Gerard Lopez: Nein, das hängt davon ab, wie man das definiert. Die Zukunft des Teams ist, ob man als unabhängiges Team weitermachen würde oder eben als Werksteam. In dem Sinne - da wir nichts gesagt haben, kann ich nicht das Gegenteil behaupten.

Als wir uns das letzte Mal unterhalten haben, kam gerade die Meldung, dass Renault eine Absichtserklärung unterschrieben hat, das Team zu kaufen. Das ist ja schon ein bisschen her - jetzt sind wir beim letzten Rennen in Abu Dhabi. Woran liegt es, dass sich das so lange hinzieht?
Gerard Lopez: Wir sind uns mit Renault soweit einig, aber Renault hat noch ein paar offene Fragen, die eigentlich ganz wenig mit uns zu tun haben. Hoffentlich werden diese bald beantwortet.

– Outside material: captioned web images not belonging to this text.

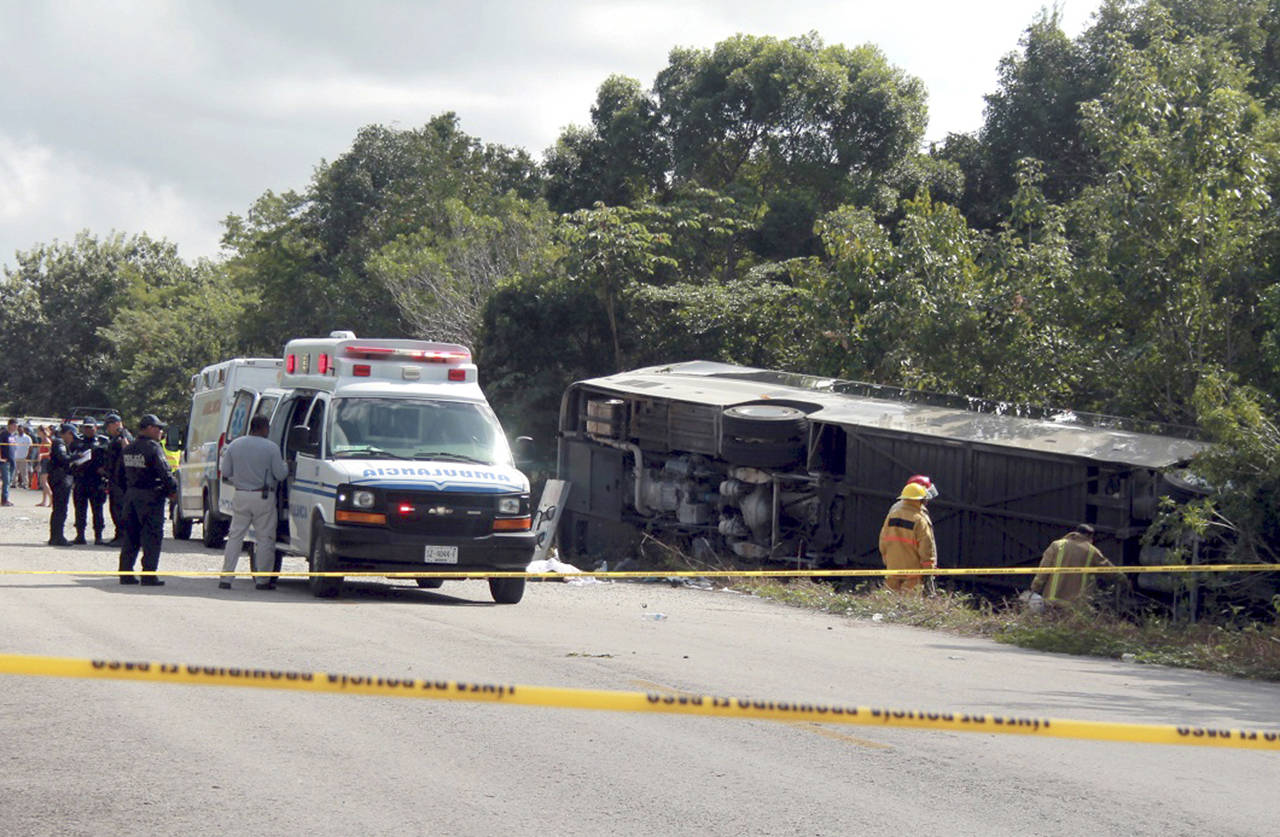 An ambulance sits parked next to an overturned bus in Mahahual, Quintana Roo state, Mexico, on Tuesday. (Novedades de Quintana Roo via AP)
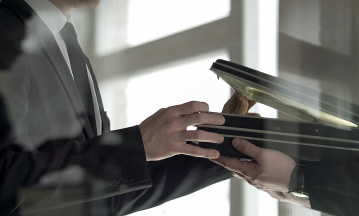 Zwei Männer in Anzügen übergeben sich in einem Büro diskret einen offenen Aktenkoffer – symbolisches Bild für geheime Geschäfte, Korruption oder Wirtschaftskriminalität.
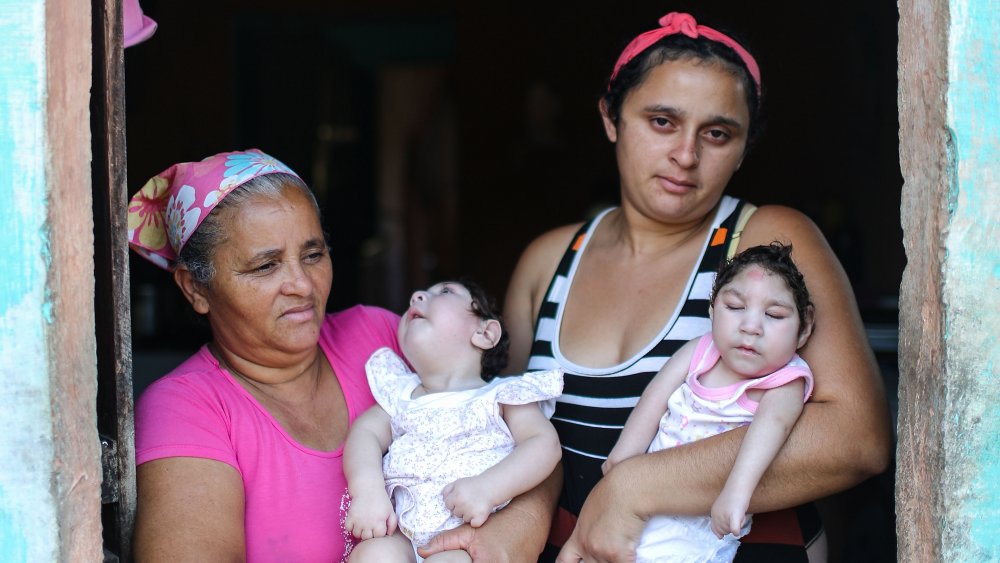 A Brazilian mother with her babies who developed microcephaly as a result of Zika.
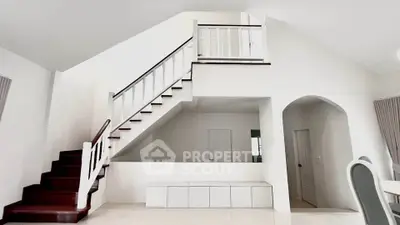 Spacious modern living room with elegant staircase and minimalist design.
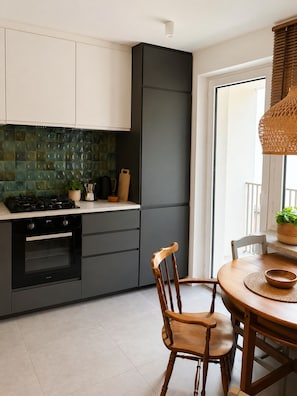A modern kitchen with a gas stove, oven, and a dining area with a wooden table and chairs. - Native Apartments Starowiślna 25 (Kraków)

Geht es um die finanzielle Situation des Teams, mit der Renault nicht zufrieden ist?
Gerard Lopez: Nein. Das hat gar nichts mit dem Team zu tun.

Wie zuversichtlich sind Sie, dass der Vertrag noch zustande kommt?
Gerard Lopez: Wenn ich nicht zuversichtlich wäre, würde ich gar kein Interview geben. Wir sind uns mit Renault eigentlich im Klaren. Die Verträge sind fertig und zur Unterschrift bereit.

Für das Team ist das eine schwierige Situation, weil der Cashflow im Moment nicht so vorhanden ist. Warum funktioniert das auf einmal nicht mehr?
Gerard Lopez: Weil wir das Geld nicht abfragen, was wir abfragen könnten. So einfach ist das. Andere Teams haben von der FOM Geld abgefragt, das haben wir nicht getan. Unsere Sponsoren haben zum Beispiel nicht das gezahlt, was sie im Oktober normalerweise zahlen. Das Ganze hängt davon ab, was wir jetzt machen wollen. Wir müssen Entscheidungen treffen. Es ist ganz einfach: Vor ein paar Jahren habe ich immer wieder gesagt, dass das ganze Finanzielle in der Formel 1 so nicht klappt. Man muss mehr Geld bekommen oder Kosten reduzieren, und damit trotzdem wettbewerbsfähig bleiben. Das hat sich alles nicht getan. Daher habe ich irgendwann gesagt: Das wird jetzt eine Meisterschaft der Hersteller. Da haben wir eine strategische Entscheidung getroffen.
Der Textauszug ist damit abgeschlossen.